While we think our judgments about someone are based on the content of our conversations, research says something else. The majority of our judgments are based on smaller, more subtle things, such as a handshake and body language.
Therefore, no matter how hard we try to incorporate good habits into our lives, we must also be aware of the little things that others judge our personality about. These unconscious habits have gradually become a big part of who you are, and if you are not too concerned about it, now is a good time to do so, because they might give you a completely different picture of you than who you actually are.
This is what people unconsciously pay attention to when you judge your personality:
How to treat receptionists, secretaries and waiters
How you deal with service staff is a good indication of how you are put together. So good that it has become a widely used part of job applications.
When you watch how you communicate with subordinate personnel when you enter or leave the building, a manager gets a good idea of how you treat people in general. Most people act a little when they conduct the job interview with the manager – or other ‘important’ people – but some show themselves from a completely different side when they then walk out of the building and treat others with dedain or indifference. This also comes to light with business lunches.
It doesn’t matter how nice you are to the people you have lunch with,
How often you check your telephone
There is nothing more frustrating than someone who constantly checks his phone in the middle of a conversation. If you do, it shows no evidence of respect, attention, listening qualities and willpower. So unless it’s an emergency, it’s wise to keep your phone in your pocket.
A study by Elon University confirms that bringing out your phone during a conversation undermines both the quality and quantity of face-to-face conversations.
Bite your nails
Certain repetitive, nervous traits can tell a lot about someone’s personality. Whether you are constantly playing with your hair, biting your nails and plucking your skin, it can come across as impatient, frustrated, bored or dissatisfied.
Incidentally, it can’t just happen that way, it can really be that way … Take the nail biting. According to a study, nail biters are generally perfectionist, but also tense and often nervous. Maybe a good argument to (finally) finish it?
What your shoes look like
According to psychologists you can judge someone by looking at his or her shoes. According to research from the University of Kansas you can tell with the style, color, quality and condition of someone’s shoes with almost 90% certainty what someone’s income, political preference and even age is.
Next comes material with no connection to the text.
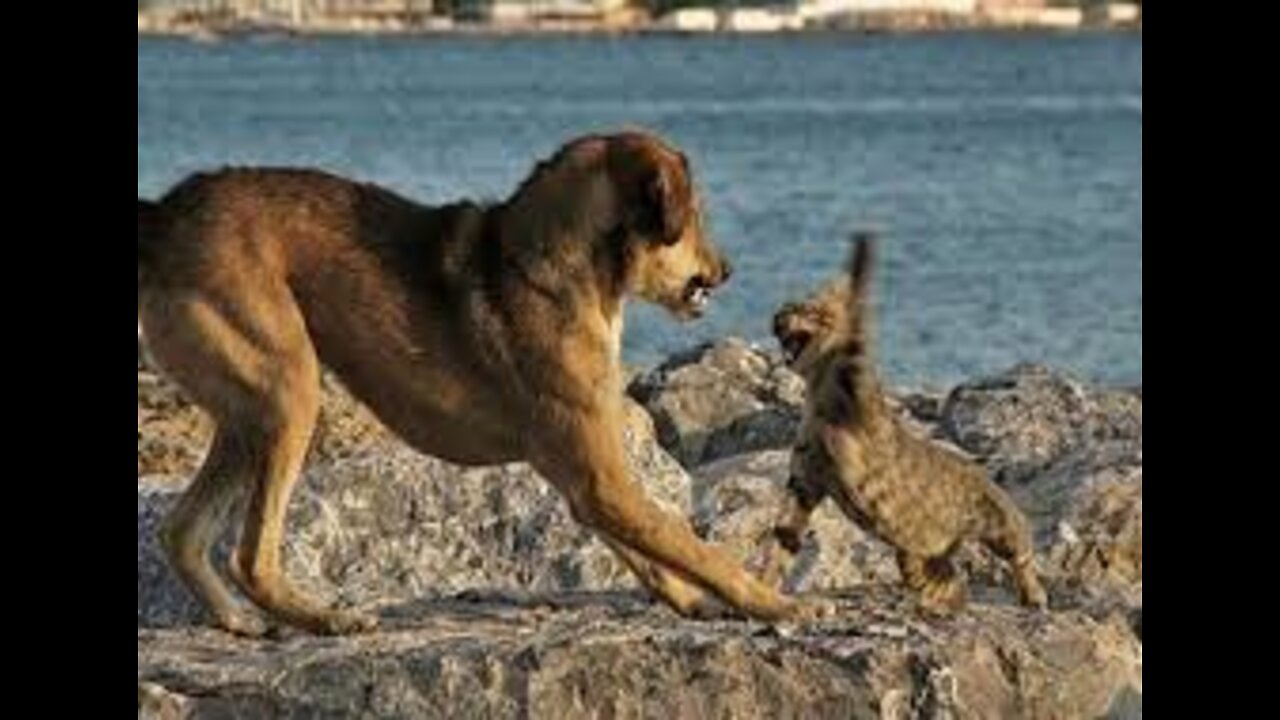 Angry Cats VS Dogs Funny Compilation 2022!!!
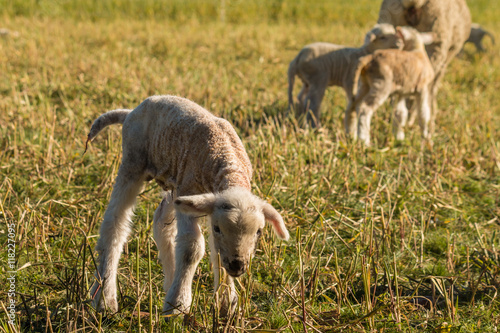 closeup of newborn lamb searching for food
It also seems that you can see from the soles of someone’s shoe how they fit together . People who are not so confident often lean forward. They put more weight on the ball of their foot, as if they can run away at any moment. People who are confident, lean back a bit more. They put more weight on their heels. Someone who mainly walks on the ball of his or her feet has soles that are more worn at the front, while a confident person has worn heels.
How long it takes before you ask a question
Even if someone doesn’t say anything about his or her personality in a conversation, you can learn something about someone’s personality based on the content of the conversation. When you meet someone for the first time, take a look at how long it takes for that person to ask you a question. This reveals a lot about whether that person is a ‘giver’ or a ‘taker’. This allows you to distinguish between ‘people who like you’ and ‘people who like what you have to offer them’.
To be late
If you arrive late for a business appointment, it can seem uninterested and lazy. On the other hand there is another study (it will not happen) of San Diego State University by Jeff Conte. He reveals that being late is typical for people who are multi-tasking or just very relaxed. These people are often late because time seems to go slower for them, at least that’s how they feel. In other words: you should not worry too much if people arrive late. It is better to ask why that is than to immediately draw conclusions.
How to shake a hand
People who give you a firm hand, exude confidence and have a strong and confident character. These people are also more often extroverted and expressive when it comes to their emotions. People who give a weak hand have little confidence and often choose the easy way.